It would be useful to mention that when the References field gets too long
it MAY be pruned (the minimum requirement being to retain the first and
the last two entries - including the one just being added). I have known
of cases where References fields grew to such a length (and MUAs in the
followup chain had failed to introduce folding, or even removed folding
already present) that the 998 limit was breached with disastrous
consequences.

  The message identifier (msg-id) itself MUST be a globally unique
  identifier for a message.  ...

It would be useful to say here that two msg-ids can always be compared for
equality by a simple octet-by-octet comparison (but, of course, one would
first have to ensure that property was true).

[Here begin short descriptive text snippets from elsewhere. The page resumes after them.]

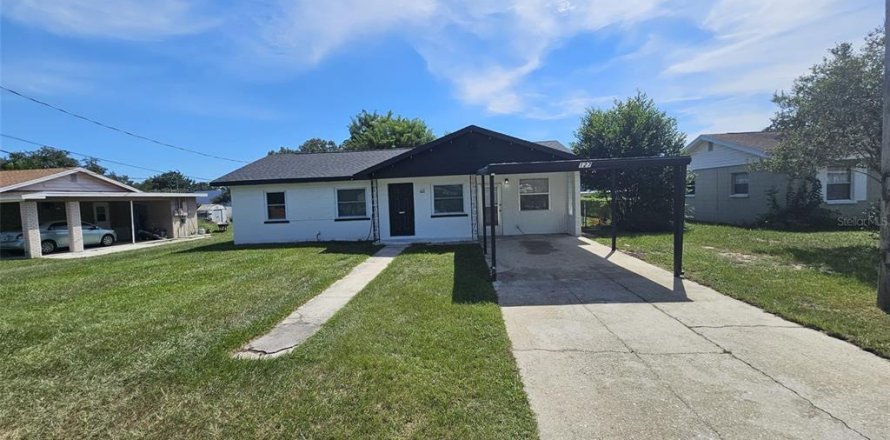 House in Auburndale, Florida 3 bedrooms, 107.02 sq.m. № 2393968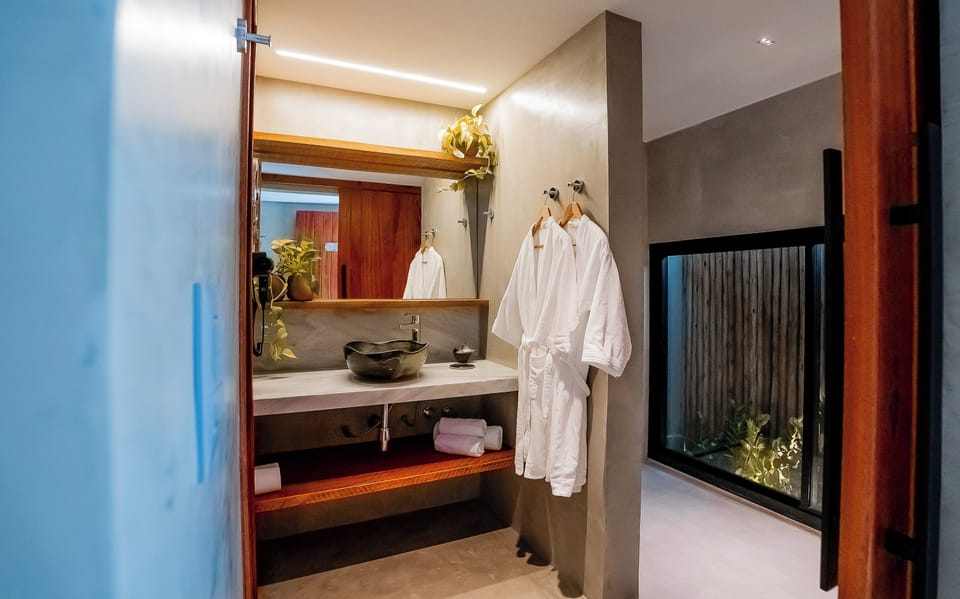 Suíte Master | Bathroom | Shower, free toiletries, hair dryer, towels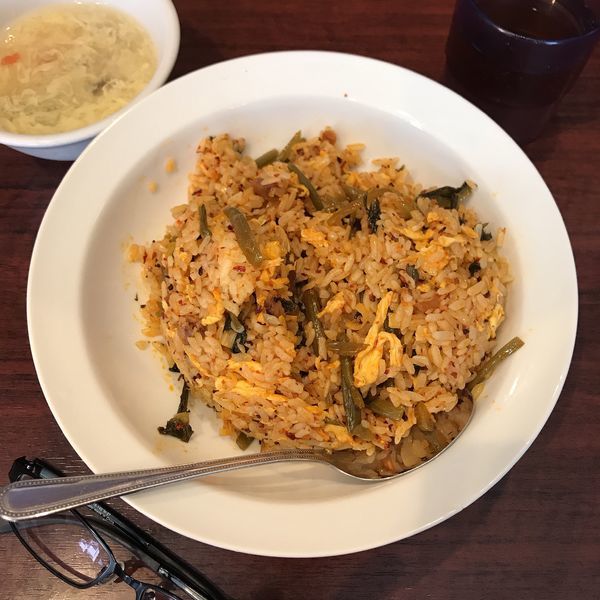 「高菜ピリ辛チャーハン」@中国家庭料理 你好 本店の写真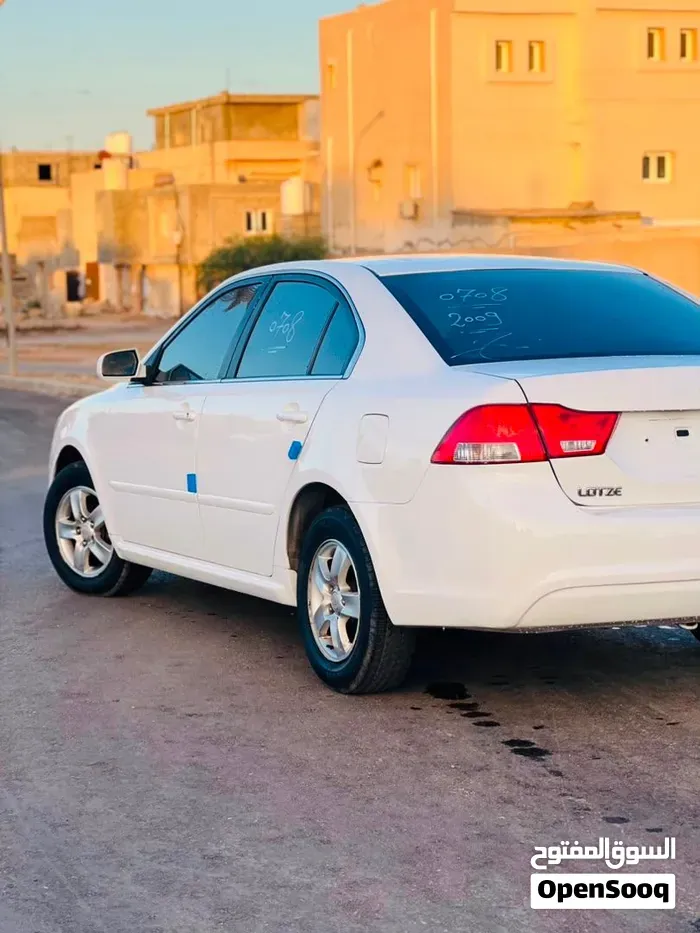 Kia Lotze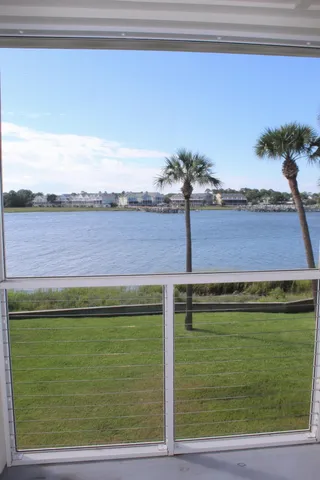 $450,000 | 17 West Mariners Cay Drive, Folly Beach, SC 29439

  .....  Since the msg-id has
  a similar syntax to addr-spec (identical except that comments and
  folding white space are not allowed), a good method ...
                       ^
           and quoted-strings
          (as already noted)

3.6.5.  Informational fields

  The informational fields are all optional.  The "Subject:" and
  "Comments:" fields are unstructured fields as defined in section
  2.2.1, and therefore may contain text or folding white space.  The
  "Keywords:" field contains a comma-separated list of one or more
  words or quoted-strings.

That last sentence is redundant, because a <word> cam already be a
<quoted-string>.

  subject         =       "Subject:" unstructured CRLF

  comments        =       "Comments:" unstructured CRLF

  keywords        =       "Keywords:" phrase *("," phrase) CRLF

Why did Organization get left out? It is a defined field within Netnews,
but it is also already widely used within Email.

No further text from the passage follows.